Scraped caption text data:
========================

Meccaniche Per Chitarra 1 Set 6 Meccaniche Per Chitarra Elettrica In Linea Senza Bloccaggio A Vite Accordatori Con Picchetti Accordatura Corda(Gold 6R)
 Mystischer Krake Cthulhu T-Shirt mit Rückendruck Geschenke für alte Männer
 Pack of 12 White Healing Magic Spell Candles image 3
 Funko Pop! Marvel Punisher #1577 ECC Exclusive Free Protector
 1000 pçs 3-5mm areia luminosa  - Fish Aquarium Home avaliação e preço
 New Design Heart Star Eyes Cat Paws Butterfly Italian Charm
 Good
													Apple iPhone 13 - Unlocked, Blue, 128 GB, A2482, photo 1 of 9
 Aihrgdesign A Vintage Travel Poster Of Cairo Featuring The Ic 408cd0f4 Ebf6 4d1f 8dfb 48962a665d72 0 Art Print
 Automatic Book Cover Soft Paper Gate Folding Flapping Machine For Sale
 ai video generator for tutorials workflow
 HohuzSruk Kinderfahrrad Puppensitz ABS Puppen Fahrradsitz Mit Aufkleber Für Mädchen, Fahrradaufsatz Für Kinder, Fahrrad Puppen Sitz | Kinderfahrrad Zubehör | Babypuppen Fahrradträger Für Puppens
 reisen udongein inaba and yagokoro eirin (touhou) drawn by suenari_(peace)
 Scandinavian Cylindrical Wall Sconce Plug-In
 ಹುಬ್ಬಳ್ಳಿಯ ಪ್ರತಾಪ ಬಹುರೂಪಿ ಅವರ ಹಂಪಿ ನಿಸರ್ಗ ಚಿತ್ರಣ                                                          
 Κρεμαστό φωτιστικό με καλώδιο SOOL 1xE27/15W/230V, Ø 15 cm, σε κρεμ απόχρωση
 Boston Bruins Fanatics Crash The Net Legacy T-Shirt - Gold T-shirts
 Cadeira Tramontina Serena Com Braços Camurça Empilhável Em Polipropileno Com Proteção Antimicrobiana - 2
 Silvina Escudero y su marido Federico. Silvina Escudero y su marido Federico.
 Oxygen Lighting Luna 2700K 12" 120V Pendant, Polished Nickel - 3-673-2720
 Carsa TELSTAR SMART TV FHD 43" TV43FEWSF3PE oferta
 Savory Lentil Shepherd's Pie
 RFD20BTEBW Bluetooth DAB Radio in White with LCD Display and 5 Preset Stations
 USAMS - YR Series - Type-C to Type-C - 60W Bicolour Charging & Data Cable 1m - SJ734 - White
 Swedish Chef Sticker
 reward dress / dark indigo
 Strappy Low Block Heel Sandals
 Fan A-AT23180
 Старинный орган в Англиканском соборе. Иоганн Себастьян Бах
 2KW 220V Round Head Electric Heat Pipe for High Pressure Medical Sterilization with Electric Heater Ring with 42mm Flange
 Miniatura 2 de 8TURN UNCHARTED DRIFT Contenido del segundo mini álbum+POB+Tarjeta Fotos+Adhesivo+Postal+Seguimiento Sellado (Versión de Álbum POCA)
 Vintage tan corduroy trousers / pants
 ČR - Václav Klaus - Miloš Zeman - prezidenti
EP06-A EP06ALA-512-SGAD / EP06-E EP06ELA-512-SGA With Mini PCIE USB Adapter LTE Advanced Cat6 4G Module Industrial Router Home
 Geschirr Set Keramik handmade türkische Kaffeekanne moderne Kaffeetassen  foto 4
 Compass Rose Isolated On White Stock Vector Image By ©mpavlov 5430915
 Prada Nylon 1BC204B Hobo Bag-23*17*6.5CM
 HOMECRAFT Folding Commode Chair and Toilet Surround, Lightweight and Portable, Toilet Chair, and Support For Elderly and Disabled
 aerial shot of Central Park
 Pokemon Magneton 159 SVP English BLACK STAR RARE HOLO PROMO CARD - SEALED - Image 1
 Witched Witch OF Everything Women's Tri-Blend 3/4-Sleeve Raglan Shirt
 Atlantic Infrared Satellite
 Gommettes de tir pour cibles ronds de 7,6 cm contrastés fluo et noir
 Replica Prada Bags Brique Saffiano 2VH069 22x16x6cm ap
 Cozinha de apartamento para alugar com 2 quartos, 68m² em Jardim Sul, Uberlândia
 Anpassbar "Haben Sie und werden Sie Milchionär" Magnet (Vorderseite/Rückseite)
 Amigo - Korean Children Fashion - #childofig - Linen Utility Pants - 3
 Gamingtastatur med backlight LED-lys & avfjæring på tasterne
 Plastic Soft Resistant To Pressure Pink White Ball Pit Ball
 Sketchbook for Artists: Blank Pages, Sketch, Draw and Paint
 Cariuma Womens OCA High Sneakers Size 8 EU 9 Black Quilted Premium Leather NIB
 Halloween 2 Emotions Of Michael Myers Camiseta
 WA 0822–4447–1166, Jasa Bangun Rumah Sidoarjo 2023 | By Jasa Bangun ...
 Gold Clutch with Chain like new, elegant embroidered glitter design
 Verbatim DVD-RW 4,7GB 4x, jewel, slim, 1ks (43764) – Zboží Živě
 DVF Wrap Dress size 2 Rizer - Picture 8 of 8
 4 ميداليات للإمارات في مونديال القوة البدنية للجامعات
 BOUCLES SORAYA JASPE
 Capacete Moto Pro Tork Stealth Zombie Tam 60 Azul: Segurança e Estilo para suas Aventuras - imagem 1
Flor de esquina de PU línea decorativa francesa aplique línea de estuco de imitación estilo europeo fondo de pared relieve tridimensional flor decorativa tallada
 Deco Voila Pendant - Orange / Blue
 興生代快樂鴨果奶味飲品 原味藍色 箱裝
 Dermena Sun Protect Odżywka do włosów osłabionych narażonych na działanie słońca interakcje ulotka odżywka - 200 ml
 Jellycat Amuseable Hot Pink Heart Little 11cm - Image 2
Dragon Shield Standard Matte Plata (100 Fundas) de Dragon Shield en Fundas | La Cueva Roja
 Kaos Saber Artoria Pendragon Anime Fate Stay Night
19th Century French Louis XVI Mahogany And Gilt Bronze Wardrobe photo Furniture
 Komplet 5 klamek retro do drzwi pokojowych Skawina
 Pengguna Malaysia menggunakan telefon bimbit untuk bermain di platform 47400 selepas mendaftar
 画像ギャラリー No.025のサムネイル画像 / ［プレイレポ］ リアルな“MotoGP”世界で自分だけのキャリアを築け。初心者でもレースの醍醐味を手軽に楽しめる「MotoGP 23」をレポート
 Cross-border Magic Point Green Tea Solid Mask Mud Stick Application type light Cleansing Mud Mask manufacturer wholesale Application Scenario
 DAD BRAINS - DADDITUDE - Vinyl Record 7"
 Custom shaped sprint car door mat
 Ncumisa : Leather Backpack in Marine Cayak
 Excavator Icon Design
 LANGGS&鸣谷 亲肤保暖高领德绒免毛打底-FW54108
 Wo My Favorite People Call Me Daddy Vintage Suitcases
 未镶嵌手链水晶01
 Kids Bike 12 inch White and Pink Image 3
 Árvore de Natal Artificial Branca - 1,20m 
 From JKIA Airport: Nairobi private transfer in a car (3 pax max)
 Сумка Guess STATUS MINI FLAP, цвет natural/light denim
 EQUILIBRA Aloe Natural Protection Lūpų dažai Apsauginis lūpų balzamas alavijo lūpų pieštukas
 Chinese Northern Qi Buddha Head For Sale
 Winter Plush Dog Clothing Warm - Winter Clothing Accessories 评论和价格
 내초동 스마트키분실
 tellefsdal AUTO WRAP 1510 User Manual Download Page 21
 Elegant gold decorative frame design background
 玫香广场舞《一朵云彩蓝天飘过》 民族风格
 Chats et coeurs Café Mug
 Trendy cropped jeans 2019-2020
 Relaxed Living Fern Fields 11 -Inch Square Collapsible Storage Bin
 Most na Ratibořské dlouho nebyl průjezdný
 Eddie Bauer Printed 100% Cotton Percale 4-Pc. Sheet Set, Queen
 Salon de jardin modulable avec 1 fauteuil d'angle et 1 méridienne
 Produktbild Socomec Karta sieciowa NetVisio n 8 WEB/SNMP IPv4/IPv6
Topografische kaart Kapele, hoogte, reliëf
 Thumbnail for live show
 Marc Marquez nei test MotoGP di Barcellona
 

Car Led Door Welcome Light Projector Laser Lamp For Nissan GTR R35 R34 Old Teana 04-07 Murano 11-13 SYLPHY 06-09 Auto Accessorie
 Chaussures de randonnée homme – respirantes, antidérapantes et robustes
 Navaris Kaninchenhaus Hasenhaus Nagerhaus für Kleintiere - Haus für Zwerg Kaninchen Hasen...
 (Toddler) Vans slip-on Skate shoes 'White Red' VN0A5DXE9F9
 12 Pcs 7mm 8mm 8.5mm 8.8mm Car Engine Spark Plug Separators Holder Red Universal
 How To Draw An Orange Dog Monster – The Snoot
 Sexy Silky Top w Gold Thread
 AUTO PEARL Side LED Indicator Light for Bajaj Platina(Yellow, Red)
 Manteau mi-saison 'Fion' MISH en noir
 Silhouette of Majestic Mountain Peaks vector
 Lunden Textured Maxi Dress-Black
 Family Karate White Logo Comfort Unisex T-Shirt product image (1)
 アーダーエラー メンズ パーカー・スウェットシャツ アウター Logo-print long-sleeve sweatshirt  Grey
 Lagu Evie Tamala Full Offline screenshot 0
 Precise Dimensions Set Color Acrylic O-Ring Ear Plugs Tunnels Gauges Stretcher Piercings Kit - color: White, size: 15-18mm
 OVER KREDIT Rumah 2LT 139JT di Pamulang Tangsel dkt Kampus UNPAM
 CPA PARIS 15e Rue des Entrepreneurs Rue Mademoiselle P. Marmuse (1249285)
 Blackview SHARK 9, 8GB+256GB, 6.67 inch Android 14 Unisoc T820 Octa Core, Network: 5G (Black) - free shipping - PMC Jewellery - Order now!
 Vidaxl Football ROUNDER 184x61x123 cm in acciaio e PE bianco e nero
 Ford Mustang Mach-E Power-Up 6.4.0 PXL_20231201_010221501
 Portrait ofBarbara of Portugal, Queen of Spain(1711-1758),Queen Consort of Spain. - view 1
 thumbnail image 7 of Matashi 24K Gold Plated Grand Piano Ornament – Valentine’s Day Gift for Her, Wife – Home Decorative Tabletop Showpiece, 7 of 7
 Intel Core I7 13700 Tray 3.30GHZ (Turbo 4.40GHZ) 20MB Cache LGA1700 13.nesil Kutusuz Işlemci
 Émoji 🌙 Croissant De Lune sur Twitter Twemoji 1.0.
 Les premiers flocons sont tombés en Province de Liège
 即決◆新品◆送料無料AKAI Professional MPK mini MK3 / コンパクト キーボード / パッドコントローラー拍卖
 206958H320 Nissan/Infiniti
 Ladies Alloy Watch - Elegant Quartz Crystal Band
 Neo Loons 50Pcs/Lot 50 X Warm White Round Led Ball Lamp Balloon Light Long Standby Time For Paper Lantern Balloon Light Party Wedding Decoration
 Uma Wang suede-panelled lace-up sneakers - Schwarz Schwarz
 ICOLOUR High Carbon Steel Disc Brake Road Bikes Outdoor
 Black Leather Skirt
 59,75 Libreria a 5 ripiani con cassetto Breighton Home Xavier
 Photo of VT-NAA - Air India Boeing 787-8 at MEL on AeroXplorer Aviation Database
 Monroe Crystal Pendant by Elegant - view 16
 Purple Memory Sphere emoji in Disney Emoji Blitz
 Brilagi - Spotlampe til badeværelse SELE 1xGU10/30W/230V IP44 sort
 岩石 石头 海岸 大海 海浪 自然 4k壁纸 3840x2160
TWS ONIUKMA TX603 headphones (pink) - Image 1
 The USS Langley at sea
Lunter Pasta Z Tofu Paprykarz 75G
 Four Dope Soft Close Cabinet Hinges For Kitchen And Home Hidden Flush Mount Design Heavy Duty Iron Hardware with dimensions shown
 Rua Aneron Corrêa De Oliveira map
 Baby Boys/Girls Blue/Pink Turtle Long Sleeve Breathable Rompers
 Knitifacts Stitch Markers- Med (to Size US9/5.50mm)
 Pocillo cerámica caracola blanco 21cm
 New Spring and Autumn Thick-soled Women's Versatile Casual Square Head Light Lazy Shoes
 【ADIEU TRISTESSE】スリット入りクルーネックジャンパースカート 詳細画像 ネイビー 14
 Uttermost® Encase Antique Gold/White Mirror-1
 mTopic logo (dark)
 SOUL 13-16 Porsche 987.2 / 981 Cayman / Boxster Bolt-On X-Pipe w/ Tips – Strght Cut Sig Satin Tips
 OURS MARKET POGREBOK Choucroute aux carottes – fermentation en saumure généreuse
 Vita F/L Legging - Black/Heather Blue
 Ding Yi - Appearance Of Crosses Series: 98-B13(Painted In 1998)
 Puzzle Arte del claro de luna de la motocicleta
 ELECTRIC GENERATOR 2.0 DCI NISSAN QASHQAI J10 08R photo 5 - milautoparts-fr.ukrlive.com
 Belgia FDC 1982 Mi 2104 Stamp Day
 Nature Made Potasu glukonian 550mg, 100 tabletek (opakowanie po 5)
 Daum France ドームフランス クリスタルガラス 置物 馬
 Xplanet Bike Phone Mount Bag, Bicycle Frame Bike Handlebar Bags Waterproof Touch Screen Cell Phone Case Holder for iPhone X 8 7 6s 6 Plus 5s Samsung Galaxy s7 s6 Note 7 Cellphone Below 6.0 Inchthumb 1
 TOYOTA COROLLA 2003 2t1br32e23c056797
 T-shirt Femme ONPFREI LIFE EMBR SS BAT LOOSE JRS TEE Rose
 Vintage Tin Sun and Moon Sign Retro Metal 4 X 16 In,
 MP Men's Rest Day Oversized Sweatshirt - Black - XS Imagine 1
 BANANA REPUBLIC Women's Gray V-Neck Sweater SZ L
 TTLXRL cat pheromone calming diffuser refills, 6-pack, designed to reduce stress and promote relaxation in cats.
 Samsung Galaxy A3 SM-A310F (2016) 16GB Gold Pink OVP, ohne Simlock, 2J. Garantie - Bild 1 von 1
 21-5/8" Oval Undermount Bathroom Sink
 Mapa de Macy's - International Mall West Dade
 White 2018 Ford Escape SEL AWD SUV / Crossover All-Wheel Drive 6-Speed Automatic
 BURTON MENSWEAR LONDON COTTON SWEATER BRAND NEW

========================

◆ Your instructions ◆
From the records above, print only the lines between the one holding "Verbatim DVD-RW 4,7GB" and the one holding "興生代快樂鴨果奶味飲品 原味藍色 箱裝", inclusive, exactly as they stand.

◆ Task answer ◆
 Verbatim DVD-RW 4,7GB 4x, jewel, slim, 1ks (43764) – Zboží Živě
 DVF Wrap Dress size 2 Rizer - Picture 8 of 8
 4 ميداليات للإمارات في مونديال القوة البدنية للجامعات
 BOUCLES SORAYA JASPE
 Capacete Moto Pro Tork Stealth Zombie Tam 60 Azul: Segurança e Estilo para suas Aventuras - imagem 1
Flor de esquina de PU línea decorativa francesa aplique línea de estuco de imitación estilo europeo fondo de pared relieve tridimensional flor decorativa tallada
 Deco Voila Pendant - Orange / Blue
 興生代快樂鴨果奶味飲品 原味藍色 箱裝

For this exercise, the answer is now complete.